Public Enterprise Minister, Malusi Gigaba said the South Africa government has to make a decision this year.
The Minister said the nuclear propramme – Eskom would be the government’s operator- would drive up the industrialization in South Africa, Africa’s largest economy, if foreign investors chipped in. Gigaba also highlighted that the country cannot achieve its social and economic development objectives without energy.
He said he hoped the National Nuclear Energy Executive Co-ordinating Commission would present its view on the options for nuclear energy to the Cabinet in the near future. Eskom would be the operator of the government’s nuclear programme.
It might be necessary to bring the construction of a third new coal-fired power station forward because it would take time to raise funds and build the nuclear power stations, a process that would be staggered into three phases of 3,200MW each. This was under discussion with the Department of Energy.
The minister furthered stating that the construction of new NPPs will benefit South African industry. Local companies have displayed their competence with the construction of new coal power stations, he cited. “It is essential that South African industry position itself to export nuclear power plant components,” which will require local companies to form international strategic partnerships. Construction of such components demands very high standards, which is a “challenge that must be overcome”.
Those opposed to the new nuclear project cite the huge amount of money involved in the construction of the plants, but Gigaba dismissed the notion explaining that the cost of the construct had to be weighed against the gains made in reducing carbon emissions and the long-term stability of electricity supply.
The opponents of the nuclear energy also cited the Fukushima nuclear accident in Japan two year ago. However, the South Africa government has proceeded carefully. It had the National Nuclear Regulator (NNR) investigate the safety of national electricity utility Eskom’s Koeberg NPP and Necsa’s Safari-1 research reactor. (Koeberg is near Cape Town and Safari-1 is at Pelindaba, west of Pretoria.) The outcome of both safety reviews was positive, with only minor changes required.
He asked: “Which costs are we willing to bear? That is the decision we have to take.”
He also believes that the Democratic Republic of Congo, Inga hydroelectric project would determine the future of the nuclear energy.

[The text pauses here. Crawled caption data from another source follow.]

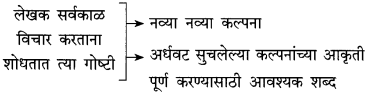 Maharashtra-Board-Class-10-Marathi-Solutions-Chapter-14-काळे-केस-6
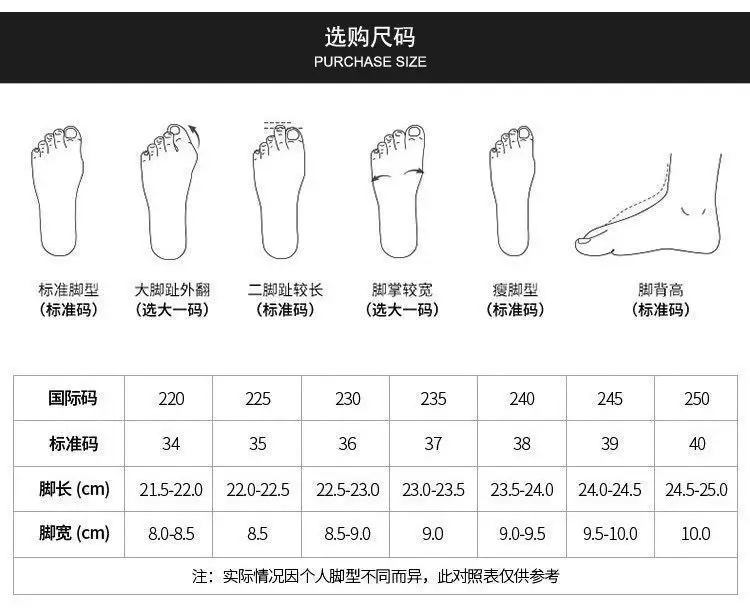 Women Black Korean Muffin Flip Flops Thick Sole 2023 — feature 17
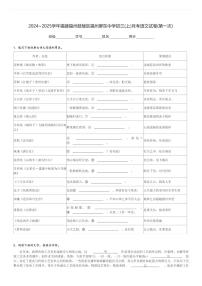 2024～2025学年福建福州鼓楼区福州屏东中学初三(上)月考语文试卷(第一次)[原题+解析]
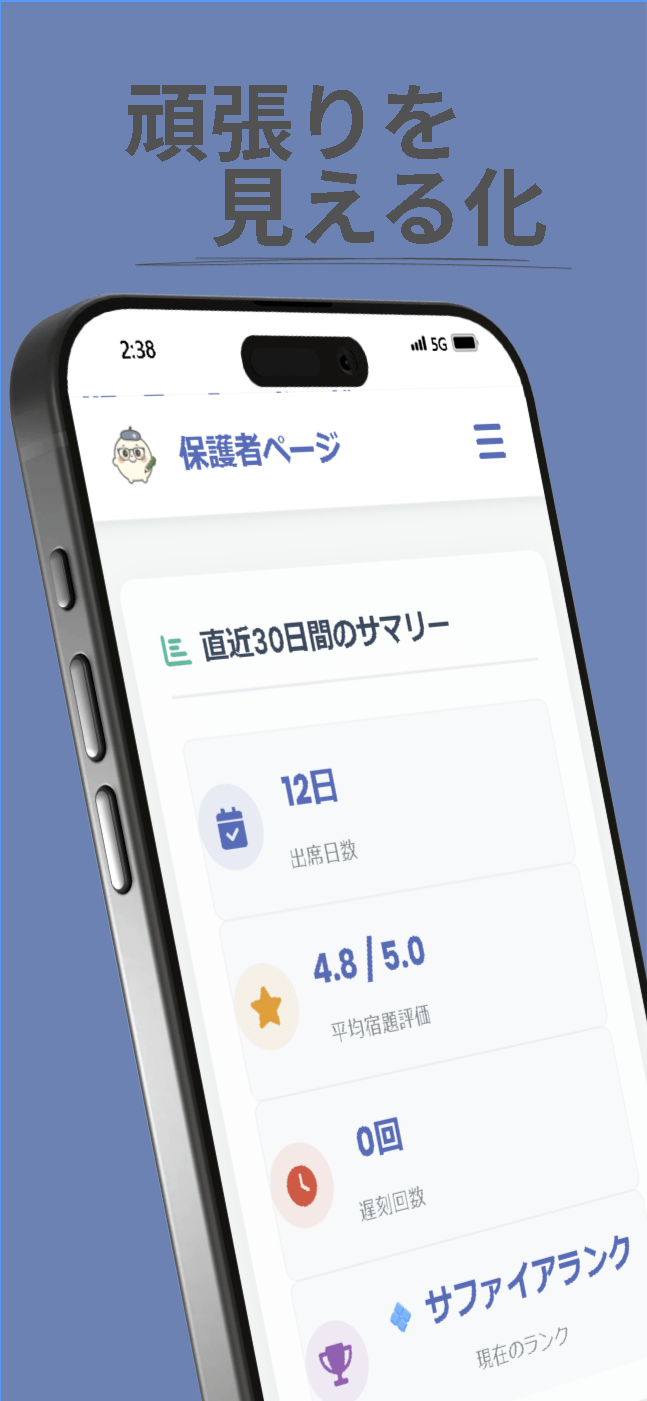 保護者用ダッシュボードのイメージ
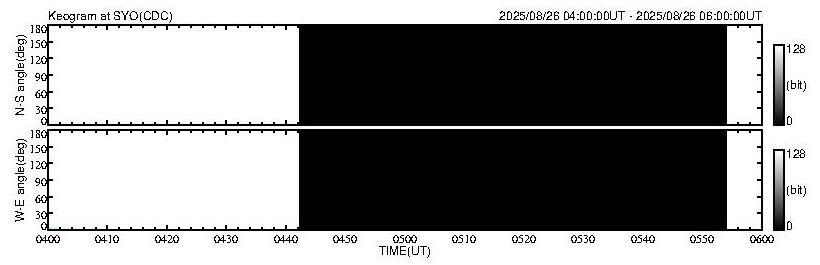 No 2H keogram plot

Last month, South Africa Deputy President, Kgalema Motlanthe said: “It has become crystal-clear that coal is not a long-term solution of our needs.
“Because of coal, our country is listed among the world’s largest emitters of carbon dioxide.”
Moreover, the country’s coal power stations were concentrated in the north-east region and required long transmission lines to reach most of the rest of the country. This was not wise.
“It is clear that in the medium term coal will have a role to play in mitigating our energy challenges,” he admitted.